### Task to complete
Print the line that has "Chirie | Apartament" in it, then every remaining line of the data, exactly and without anything extra.

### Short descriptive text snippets
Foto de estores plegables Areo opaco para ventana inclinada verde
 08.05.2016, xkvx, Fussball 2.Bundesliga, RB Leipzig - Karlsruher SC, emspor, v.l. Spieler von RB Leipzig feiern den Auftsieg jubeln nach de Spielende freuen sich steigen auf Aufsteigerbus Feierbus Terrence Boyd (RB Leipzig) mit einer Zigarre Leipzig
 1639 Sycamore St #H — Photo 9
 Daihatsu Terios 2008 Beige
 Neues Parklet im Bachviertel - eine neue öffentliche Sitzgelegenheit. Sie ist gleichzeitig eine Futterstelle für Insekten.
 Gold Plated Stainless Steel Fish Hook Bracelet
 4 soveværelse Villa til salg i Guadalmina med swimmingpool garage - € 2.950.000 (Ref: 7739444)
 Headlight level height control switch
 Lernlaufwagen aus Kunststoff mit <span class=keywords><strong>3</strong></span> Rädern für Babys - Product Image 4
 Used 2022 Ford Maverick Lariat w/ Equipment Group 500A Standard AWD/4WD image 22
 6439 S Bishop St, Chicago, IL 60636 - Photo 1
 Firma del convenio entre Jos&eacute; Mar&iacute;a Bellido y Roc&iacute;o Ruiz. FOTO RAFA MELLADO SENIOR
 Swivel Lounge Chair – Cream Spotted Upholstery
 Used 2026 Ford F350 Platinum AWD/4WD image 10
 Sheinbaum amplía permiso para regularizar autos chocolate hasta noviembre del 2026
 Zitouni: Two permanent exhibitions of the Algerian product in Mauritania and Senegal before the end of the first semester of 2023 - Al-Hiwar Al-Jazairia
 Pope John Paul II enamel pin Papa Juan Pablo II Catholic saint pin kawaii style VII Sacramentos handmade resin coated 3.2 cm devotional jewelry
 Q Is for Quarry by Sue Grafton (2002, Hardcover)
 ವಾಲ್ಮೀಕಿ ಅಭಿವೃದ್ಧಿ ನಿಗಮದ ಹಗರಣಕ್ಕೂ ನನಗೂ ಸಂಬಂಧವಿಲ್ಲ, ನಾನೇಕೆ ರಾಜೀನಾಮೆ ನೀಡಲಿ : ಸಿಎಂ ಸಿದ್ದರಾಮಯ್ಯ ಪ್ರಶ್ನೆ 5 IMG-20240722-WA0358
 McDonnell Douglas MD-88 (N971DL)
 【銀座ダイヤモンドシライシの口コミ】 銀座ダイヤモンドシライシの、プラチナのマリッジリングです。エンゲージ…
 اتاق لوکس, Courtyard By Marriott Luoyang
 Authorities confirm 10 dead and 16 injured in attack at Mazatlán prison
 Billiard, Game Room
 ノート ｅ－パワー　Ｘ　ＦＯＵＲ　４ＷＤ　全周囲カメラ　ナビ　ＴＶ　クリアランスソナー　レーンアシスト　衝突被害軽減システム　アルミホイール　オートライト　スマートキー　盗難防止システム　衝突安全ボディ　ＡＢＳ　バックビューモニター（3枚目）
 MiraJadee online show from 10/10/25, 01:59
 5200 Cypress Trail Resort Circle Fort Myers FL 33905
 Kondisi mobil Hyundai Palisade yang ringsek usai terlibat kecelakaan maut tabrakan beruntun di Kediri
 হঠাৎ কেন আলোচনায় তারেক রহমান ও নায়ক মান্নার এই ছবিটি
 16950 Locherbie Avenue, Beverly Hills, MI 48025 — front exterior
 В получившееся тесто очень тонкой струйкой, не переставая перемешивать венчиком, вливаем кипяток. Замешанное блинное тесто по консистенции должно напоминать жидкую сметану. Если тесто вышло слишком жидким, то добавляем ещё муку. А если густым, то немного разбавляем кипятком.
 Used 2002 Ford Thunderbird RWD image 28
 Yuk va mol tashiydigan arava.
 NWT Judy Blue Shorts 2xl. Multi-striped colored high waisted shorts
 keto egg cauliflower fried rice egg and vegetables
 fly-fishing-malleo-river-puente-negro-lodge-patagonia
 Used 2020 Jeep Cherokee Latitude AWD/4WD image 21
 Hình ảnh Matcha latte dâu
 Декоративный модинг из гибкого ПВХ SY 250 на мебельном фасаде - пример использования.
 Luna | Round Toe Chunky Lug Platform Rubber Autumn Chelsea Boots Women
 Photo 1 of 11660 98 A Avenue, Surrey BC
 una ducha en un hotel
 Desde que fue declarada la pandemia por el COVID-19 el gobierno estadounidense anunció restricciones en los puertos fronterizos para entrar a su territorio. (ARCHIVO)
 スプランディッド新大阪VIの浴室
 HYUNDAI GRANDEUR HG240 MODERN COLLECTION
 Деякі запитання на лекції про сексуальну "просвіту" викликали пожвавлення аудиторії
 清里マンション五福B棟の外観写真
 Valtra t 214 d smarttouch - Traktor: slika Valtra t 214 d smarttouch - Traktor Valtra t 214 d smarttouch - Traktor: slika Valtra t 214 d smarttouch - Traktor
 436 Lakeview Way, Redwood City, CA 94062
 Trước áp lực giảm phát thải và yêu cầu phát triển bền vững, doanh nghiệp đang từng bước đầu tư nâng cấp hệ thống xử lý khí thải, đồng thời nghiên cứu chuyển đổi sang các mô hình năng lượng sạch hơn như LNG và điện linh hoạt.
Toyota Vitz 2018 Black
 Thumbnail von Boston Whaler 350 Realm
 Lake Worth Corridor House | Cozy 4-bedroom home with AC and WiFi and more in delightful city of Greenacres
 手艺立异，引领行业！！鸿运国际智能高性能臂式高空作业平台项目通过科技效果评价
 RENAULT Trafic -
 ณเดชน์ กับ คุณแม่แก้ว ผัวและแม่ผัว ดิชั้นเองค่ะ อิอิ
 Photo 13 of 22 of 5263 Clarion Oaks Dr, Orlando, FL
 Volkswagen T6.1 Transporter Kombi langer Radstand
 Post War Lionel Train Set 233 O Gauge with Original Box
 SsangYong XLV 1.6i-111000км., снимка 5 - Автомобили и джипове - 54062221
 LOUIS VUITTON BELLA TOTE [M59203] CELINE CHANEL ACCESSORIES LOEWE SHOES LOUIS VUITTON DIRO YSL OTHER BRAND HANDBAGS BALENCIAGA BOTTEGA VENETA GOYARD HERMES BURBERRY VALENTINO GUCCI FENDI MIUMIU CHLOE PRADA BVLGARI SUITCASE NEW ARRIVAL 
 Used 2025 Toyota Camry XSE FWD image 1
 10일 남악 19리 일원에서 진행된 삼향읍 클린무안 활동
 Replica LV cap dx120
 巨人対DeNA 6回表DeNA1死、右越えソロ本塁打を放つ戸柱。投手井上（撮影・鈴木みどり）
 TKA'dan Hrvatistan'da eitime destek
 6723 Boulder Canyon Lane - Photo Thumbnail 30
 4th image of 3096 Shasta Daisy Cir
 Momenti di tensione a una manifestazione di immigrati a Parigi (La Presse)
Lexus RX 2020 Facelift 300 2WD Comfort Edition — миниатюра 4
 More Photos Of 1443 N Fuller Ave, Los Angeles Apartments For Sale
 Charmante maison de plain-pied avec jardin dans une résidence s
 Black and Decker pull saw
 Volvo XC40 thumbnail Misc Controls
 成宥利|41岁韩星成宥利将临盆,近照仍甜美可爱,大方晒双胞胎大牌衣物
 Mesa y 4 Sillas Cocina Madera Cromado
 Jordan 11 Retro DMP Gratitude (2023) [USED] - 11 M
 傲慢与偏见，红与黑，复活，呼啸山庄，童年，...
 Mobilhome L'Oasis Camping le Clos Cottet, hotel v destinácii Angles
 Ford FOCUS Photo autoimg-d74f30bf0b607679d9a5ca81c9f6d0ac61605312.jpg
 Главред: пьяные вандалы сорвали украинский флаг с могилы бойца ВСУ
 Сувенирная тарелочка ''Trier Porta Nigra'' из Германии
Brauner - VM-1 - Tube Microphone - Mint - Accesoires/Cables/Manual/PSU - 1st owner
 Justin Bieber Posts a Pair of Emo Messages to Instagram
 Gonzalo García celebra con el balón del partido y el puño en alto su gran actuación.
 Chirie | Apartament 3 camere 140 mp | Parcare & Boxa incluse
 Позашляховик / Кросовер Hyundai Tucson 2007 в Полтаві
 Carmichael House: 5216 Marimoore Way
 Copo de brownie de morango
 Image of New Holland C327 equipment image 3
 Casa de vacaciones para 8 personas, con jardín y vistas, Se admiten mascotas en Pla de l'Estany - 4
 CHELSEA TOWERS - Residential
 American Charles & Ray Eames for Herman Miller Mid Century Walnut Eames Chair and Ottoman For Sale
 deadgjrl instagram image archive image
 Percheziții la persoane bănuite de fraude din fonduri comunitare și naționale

### Expected output
 Chirie | Apartament 3 camere 140 mp | Parcare & Boxa incluse
 Позашляховик / Кросовер Hyundai Tucson 2007 в Полтаві
 Carmichael House: 5216 Marimoore Way
 Copo de brownie de morango
 Image of New Holland C327 equipment image 3
 Casa de vacaciones para 8 personas, con jardín y vistas, Se admiten mascotas en Pla de l'Estany - 4
 CHELSEA TOWERS - Residential
 American Charles & Ray Eames for Herman Miller Mid Century Walnut Eames Chair and Ottoman For Sale
 deadgjrl instagram image archive image
 Percheziții la persoane bănuite de fraude din fonduri comunitare și naționale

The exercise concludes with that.